#### [TASK DIRECTIONS]
Return exactly, please, the line that contains "vive e lavora." and every line after it through the end of the material that follows, leaving pictures aside.

#### [DATA FOR THIS TASK]
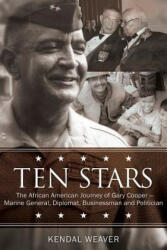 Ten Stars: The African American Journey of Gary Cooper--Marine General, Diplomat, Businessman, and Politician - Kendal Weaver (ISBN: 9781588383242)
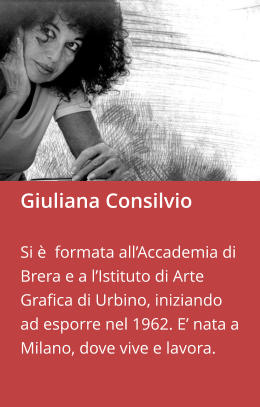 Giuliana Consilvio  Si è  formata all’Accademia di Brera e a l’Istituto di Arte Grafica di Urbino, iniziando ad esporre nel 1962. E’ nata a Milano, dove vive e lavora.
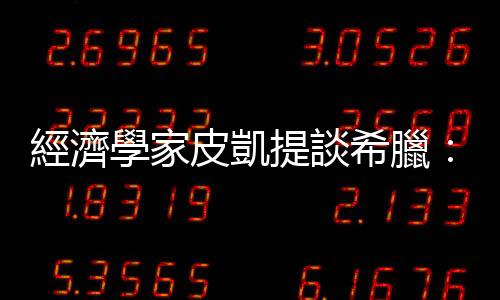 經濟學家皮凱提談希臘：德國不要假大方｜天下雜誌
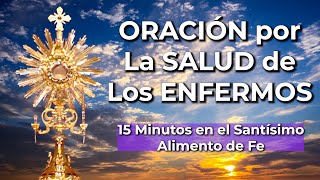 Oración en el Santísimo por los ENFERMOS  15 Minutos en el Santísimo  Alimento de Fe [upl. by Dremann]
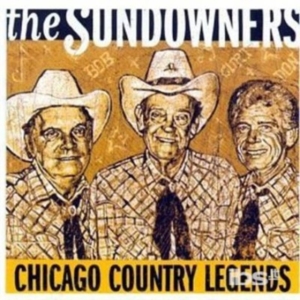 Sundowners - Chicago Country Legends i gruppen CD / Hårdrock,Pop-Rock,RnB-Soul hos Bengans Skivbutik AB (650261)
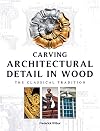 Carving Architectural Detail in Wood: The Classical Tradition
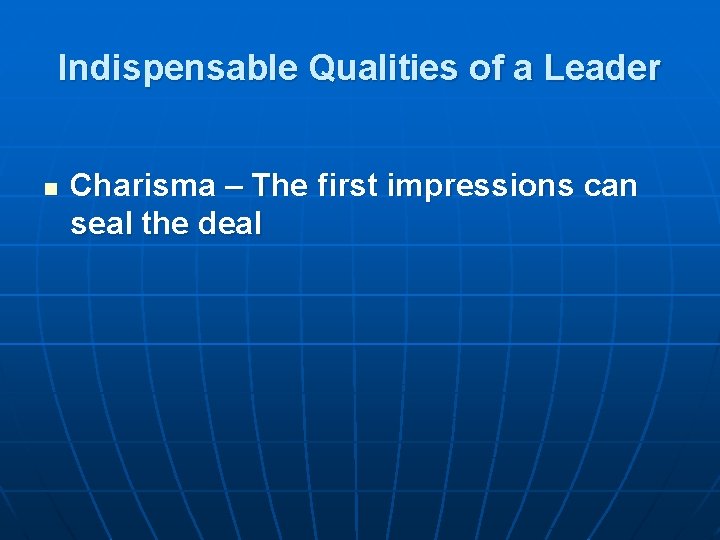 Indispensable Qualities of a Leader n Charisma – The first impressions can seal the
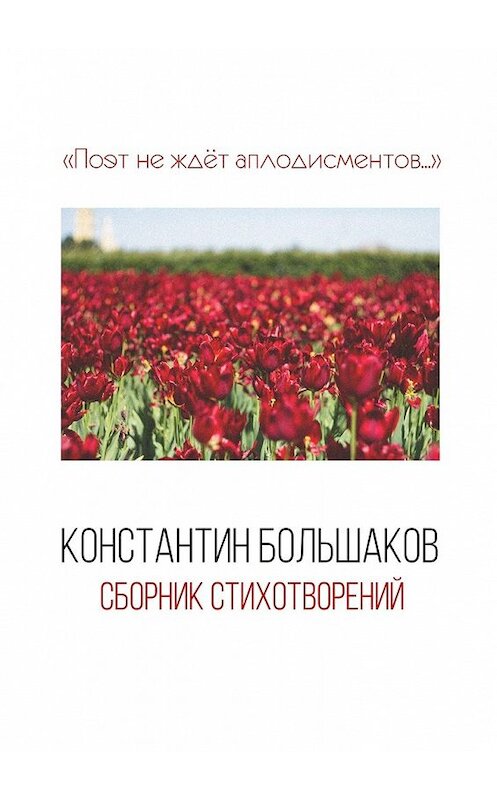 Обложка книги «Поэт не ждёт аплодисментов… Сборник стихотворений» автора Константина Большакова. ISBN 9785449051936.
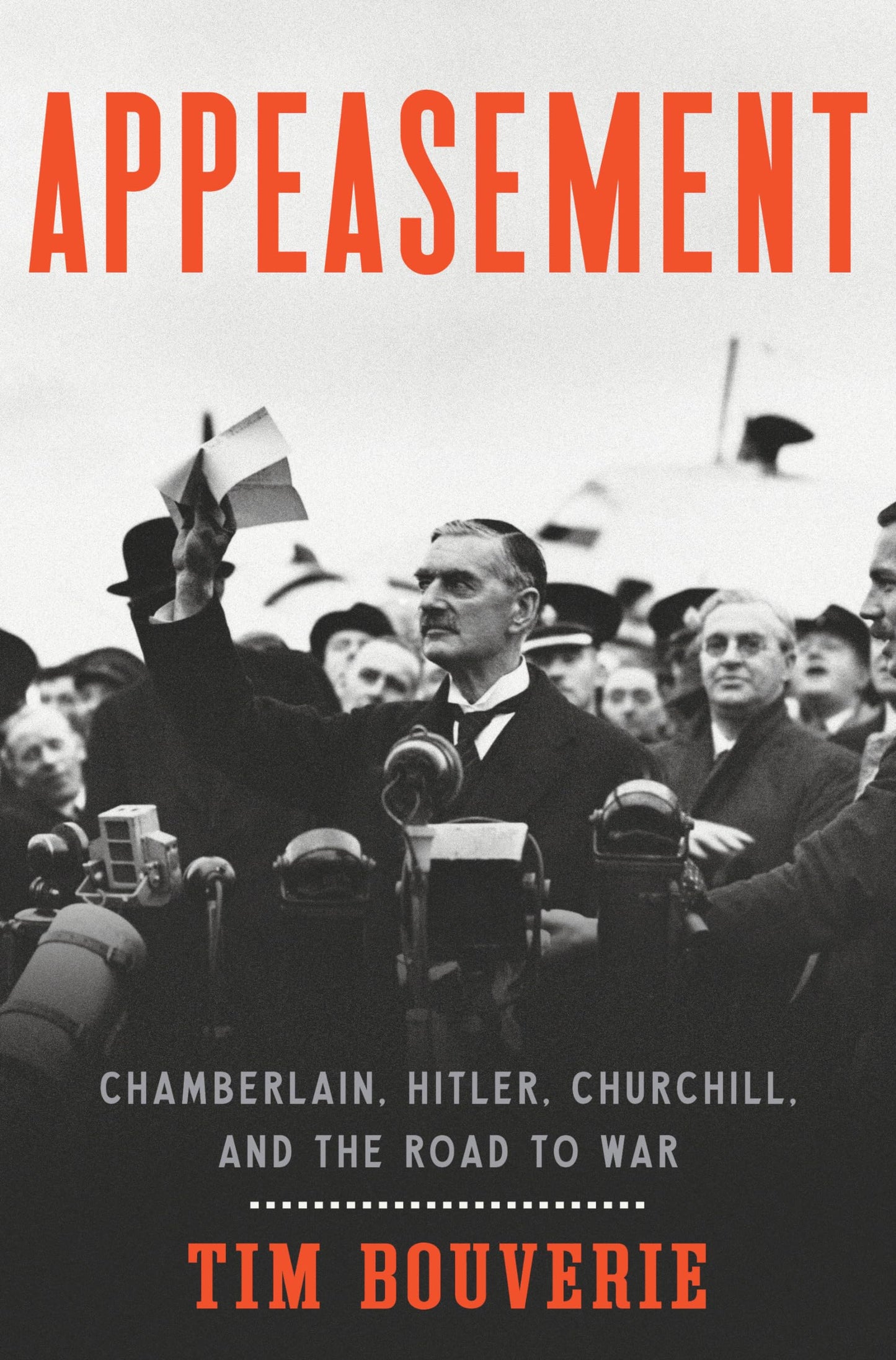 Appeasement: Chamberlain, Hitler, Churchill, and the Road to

#### [EXERCISE ANSWER]
 Giuliana Consilvio  Si è  formata all’Accademia di Brera e a l’Istituto di Arte Grafica di Urbino, iniziando ad esporre nel 1962. E’ nata a Milano, dove vive e lavora.
 經濟學家皮凱提談希臘：德國不要假大方｜天下雜誌
 Oración en el Santísimo por los ENFERMOS  15 Minutos en el Santísimo  Alimento de Fe [upl. by Dremann]
 Sundowners - Chicago Country Legends i gruppen CD / Hårdrock,Pop-Rock,RnB-Soul hos Bengans Skivbutik AB (650261)
 Carving Architectural Detail in Wood: The Classical Tradition
 Indispensable Qualities of a Leader n Charisma – The first impressions can seal the
 Обложка книги «Поэт не ждёт аплодисментов… Сборник стихотворений» автора Константина Большакова. ISBN 9785449051936.
 Appeasement: Chamberlain, Hitler, Churchill, and the Road to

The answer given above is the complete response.